1- Islatma: Oda ısısındaki suda 8-24 saat ıslatılır. Gaz yapıcı maddeler ıslatma suyuna geçer. Islatma suyu dökülebilir. Kırmızı ve sarı renkli mercimekleri kabukları ayrıldığından dolayı ıslatmaya gerek kalmaz.

2- Dış zarlarının çıkarılması: Sindirim sistemi bozukluğu olanlarda, bebek ve yaşlı beslenmesinde kabuğun çıkarılması yararlı olabilir. Bu durumlar dışında dış kabuğun ayrılmasına gerek yoktur.

3- Pişirme: İyi pişirme sindiriminin kolaylaşması açısından önemlidir. Pişirme suyu dökülürse B vitaminleri ve mineraller kayba uğrar. Bu nedenle pişirme suları dökülmemeli veya farklı şekillerde (çorba, hamur işleri gibi) değerlendirilmelidir.

   Öneriler:

  • Posa içeriklerinin yüksek olması ve yağ içeriklerinin düşük olması nedeniyle özellikle kalp-damar ve diyabet hastalarının diyetinde sıklıkla yer almalıdır.
  • Protein kalitesini arttırmak için tahıllarla birlikte tüketilmelidir.
  • Islatma ve iyi pişirme ile gaz yapıcı etkileri en aza indirilebilir. Kesinlikle pişirme suları dökülmemelidir.
  • Bileşimindeki minerallerin yararlılığı açısından C vitamininden zengin besinlerle (koyu yeşil yapraklı sebzeler gibi) birlikte tüketilmelidir.

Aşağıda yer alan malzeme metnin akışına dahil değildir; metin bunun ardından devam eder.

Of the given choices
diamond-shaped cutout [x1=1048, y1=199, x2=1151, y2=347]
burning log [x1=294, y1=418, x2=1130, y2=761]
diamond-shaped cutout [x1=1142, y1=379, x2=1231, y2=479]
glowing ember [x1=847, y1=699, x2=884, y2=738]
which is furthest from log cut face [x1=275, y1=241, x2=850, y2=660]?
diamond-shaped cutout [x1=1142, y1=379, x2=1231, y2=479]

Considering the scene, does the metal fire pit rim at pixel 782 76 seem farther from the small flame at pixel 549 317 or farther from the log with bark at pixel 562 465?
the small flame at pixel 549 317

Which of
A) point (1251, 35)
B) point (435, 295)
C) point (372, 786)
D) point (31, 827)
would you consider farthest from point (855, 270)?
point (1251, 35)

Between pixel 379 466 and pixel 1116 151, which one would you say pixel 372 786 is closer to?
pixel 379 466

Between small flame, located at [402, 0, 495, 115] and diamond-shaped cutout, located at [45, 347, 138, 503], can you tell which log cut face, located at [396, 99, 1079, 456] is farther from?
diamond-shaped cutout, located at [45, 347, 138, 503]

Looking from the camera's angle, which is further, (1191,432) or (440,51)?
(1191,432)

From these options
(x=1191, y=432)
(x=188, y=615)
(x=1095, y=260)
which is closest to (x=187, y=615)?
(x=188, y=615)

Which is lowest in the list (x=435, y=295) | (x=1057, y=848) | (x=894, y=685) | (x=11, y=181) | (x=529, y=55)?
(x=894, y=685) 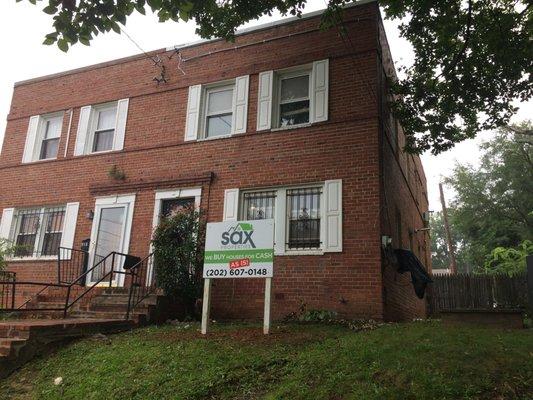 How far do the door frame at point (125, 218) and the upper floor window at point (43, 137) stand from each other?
2.86 metres

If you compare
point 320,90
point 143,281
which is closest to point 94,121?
point 143,281

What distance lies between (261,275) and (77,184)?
24.3ft

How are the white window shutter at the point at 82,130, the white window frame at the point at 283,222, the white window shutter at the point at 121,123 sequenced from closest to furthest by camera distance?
the white window frame at the point at 283,222
the white window shutter at the point at 121,123
the white window shutter at the point at 82,130

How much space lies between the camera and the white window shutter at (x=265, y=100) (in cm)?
1102

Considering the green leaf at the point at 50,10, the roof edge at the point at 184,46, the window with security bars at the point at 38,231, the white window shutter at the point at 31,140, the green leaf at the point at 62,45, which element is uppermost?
the roof edge at the point at 184,46

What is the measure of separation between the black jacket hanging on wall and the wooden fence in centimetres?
182

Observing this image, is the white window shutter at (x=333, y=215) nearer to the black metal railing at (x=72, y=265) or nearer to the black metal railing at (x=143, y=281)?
the black metal railing at (x=143, y=281)

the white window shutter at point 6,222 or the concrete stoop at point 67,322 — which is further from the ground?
the white window shutter at point 6,222

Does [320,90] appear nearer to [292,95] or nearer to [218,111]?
[292,95]

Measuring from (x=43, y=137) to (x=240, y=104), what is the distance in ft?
22.1

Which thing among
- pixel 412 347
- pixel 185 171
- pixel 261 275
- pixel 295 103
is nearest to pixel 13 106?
pixel 185 171

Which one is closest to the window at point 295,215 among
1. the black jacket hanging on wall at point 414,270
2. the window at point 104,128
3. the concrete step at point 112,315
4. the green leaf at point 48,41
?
the black jacket hanging on wall at point 414,270

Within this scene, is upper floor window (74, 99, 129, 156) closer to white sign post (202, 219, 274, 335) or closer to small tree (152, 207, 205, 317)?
small tree (152, 207, 205, 317)

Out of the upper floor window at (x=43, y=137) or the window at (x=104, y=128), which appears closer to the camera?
the window at (x=104, y=128) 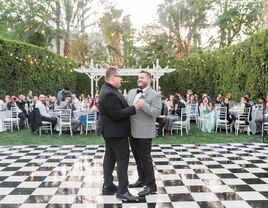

   Yağlı Tohumlar (Sert Kabuklu Meyveler):

   Fındık, susam, ceviz, badem ve benzeri yağlı tohumlar, yemeklerimizde daha çok lezzet verici ve çerez olarak kullanılırlar. Bu besinler; B grubu vitaminler, mineraller, yağ ve proteinden zengindirler. Yağ içerikleri yüksek olmasına karşın bitkisel kaynaklı olduklarından kolesterol içermezler. Fındık tekli doymamış yağ asitlerinden zengin iken, ceviz omega 3 yağ asitlerinden zengindir. Bu besinler; doymamış yağ, E vitamini ve flavanoidler içerdiğinden koroner kalp hastalığı ve kanser riskini azaltırlar. Enerji değeri yüksek olan bu besinlere özellikle çocukların ve ağır işte
çalışanların diyetinde yer verilmesi yararlıdır. Yağlı tohumlar uygun koşullarda saklanmazsa bozulur ve küflenir. Evde saklarken kırık, çatlak ve hastalıklı olanlar ayrılmalı, kabuklu ve kabukları ayrılmış olanlar bir arada tutulmamalı ve nemsiz ortamda saklanmalıdır.

   Öneriler:

  • Özellikle çocukların ve ağır işte çalışanların diyetinde enerji değeri yüksek olan bu besinlere yer verilmesi yararlıdır.
  • B grubu vitaminleri, mineraller, yağ ve proteinden zengindirler.
  • Sağlıklı beslenme için yağlı tohumların kavrulmamış ve tuzlanmamış olarak tüketilmesi tercih edilmelidir.
  • Evde saklarken kabuklu ve kabukları ayrılmış olanlar bir arada tutulmamalı, nemsiz ortamda saklanmalıdır.